*** Data records ***
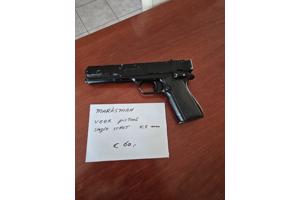 Verschillende pistolen 4,5 en 5,5 mm
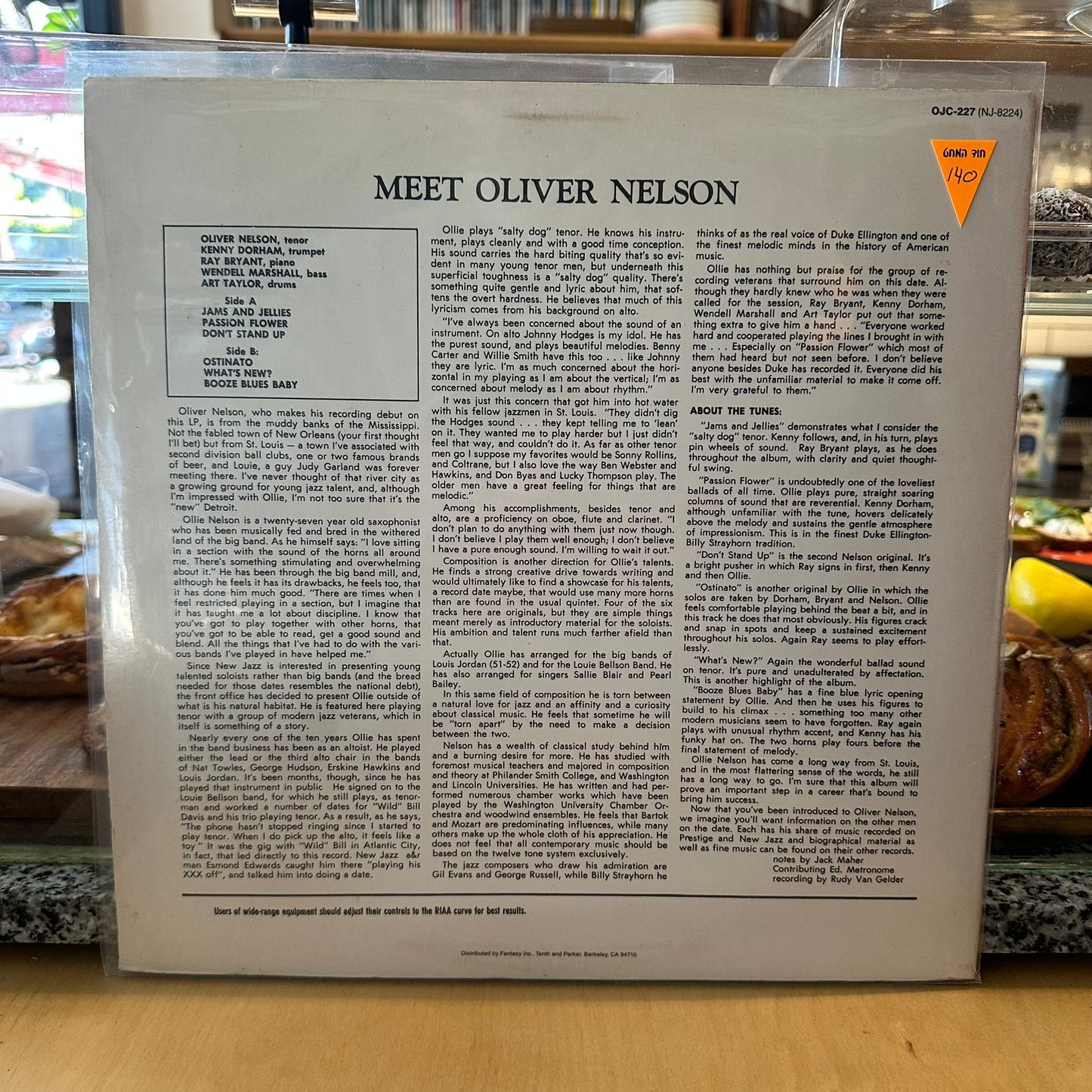 Oliver Nelson - Meet Oliver Nelson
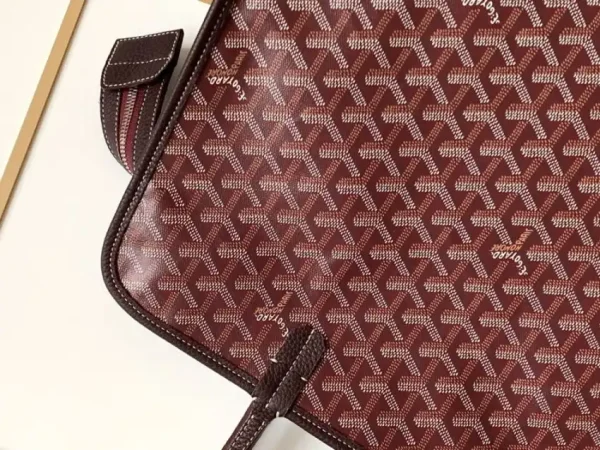 Goyard Hardy Bordeaux - Image 9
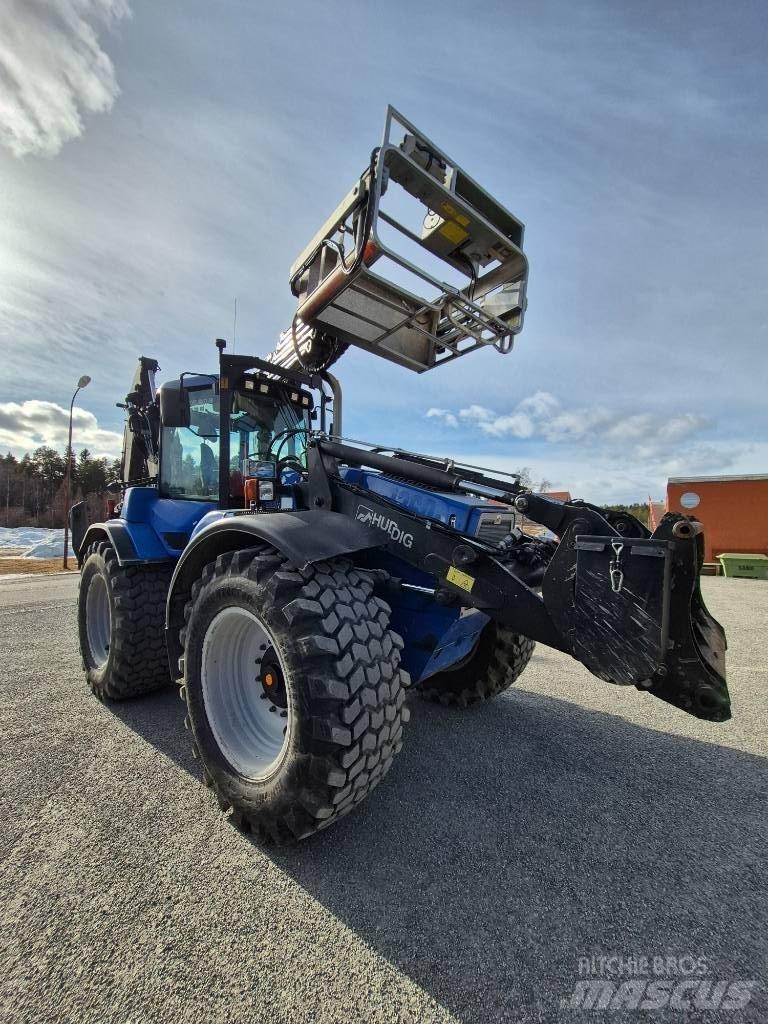 Huddig 1260 B Екскаватори-навантажувачі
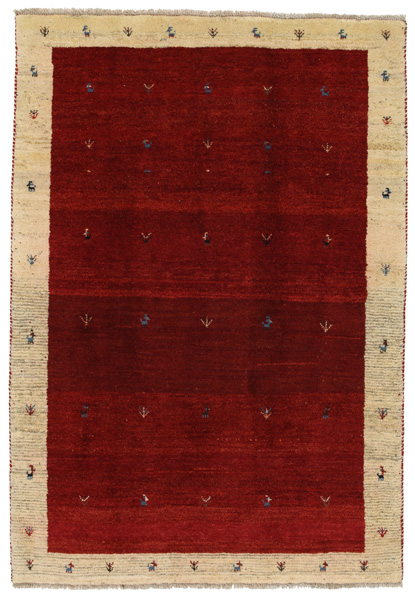 Gabbeh - Qashqai Persian Carpet 226x157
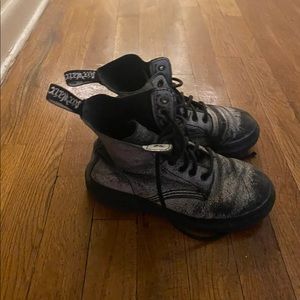 Doc martens off white boot
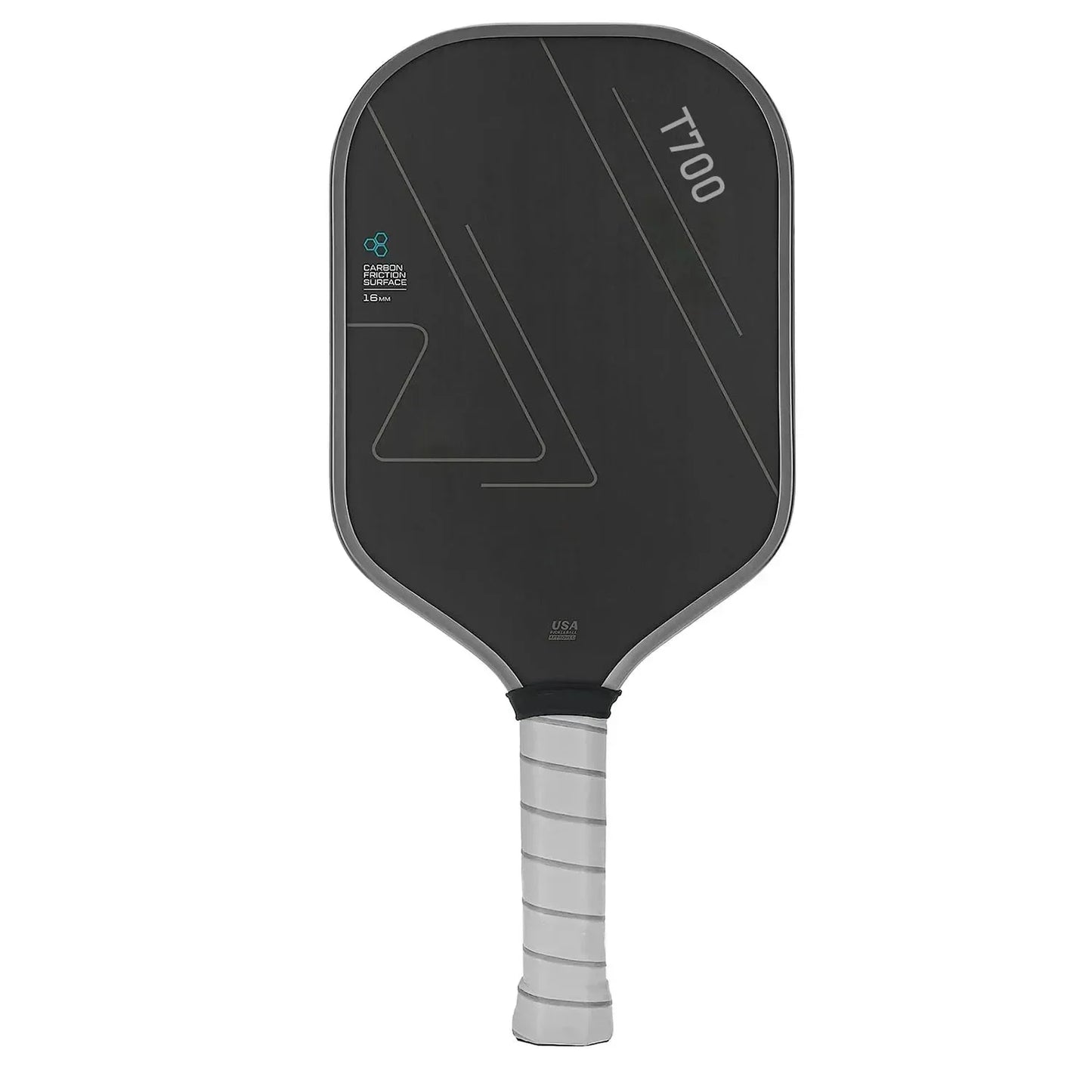 USAPA T700 Raw Carbon Fiber Pickleball Paddle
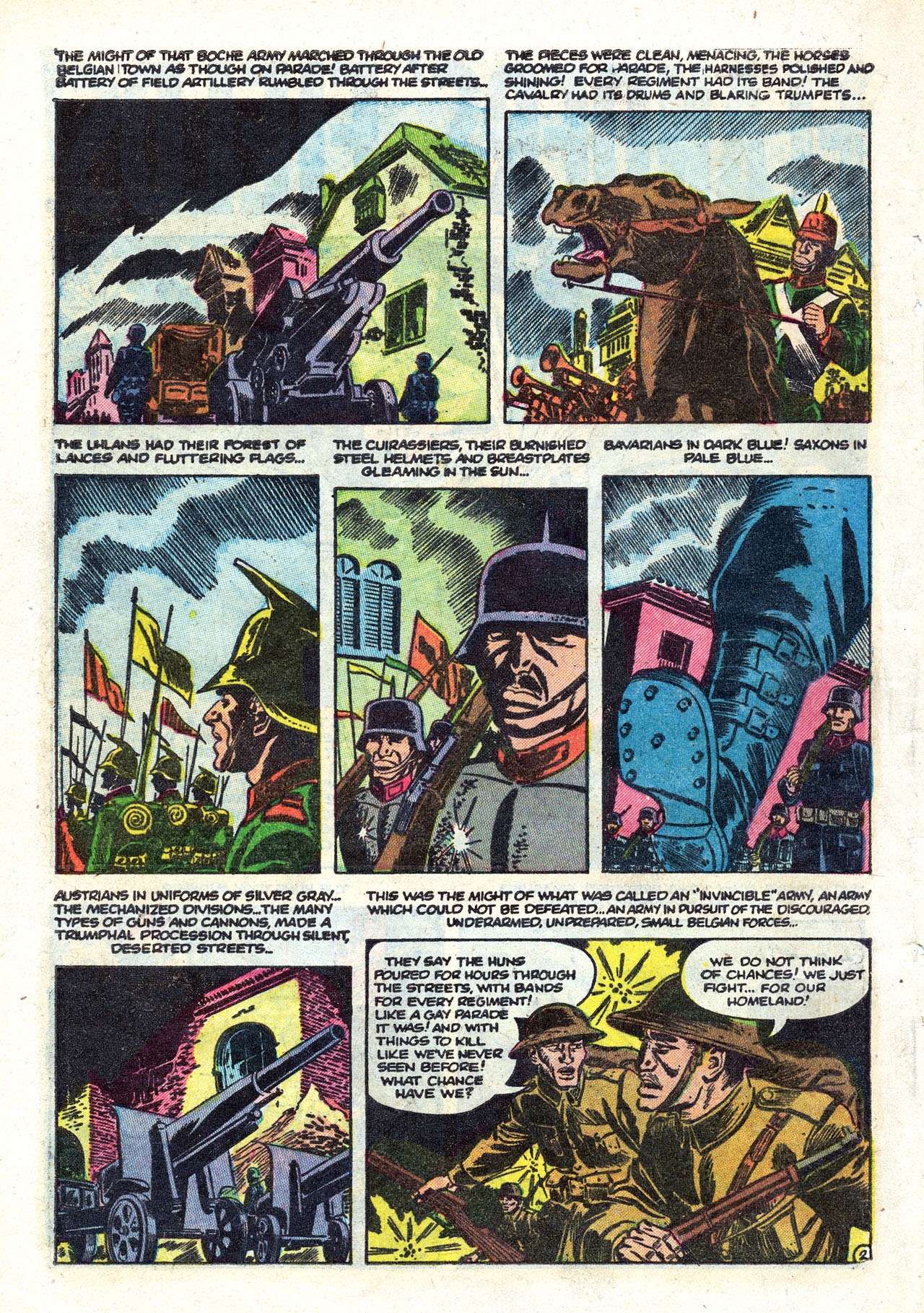 Read online Battleground comic -  Issue #1 - 28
*** End of Data records ***
**Task to complete**
Please print the entries above exactly. Skip every picture.

**Answer to this exercise**
 Verschillende pistolen 4,5 en 5,5 mm
 Oliver Nelson - Meet Oliver Nelson
 Goyard Hardy Bordeaux - Image 9
 Huddig 1260 B Екскаватори-навантажувачі
 Gabbeh - Qashqai Persian Carpet 226x157
 Doc martens off white boot
 USAPA T700 Raw Carbon Fiber Pickleball Paddle
 Read online Battleground comic -  Issue #1 - 28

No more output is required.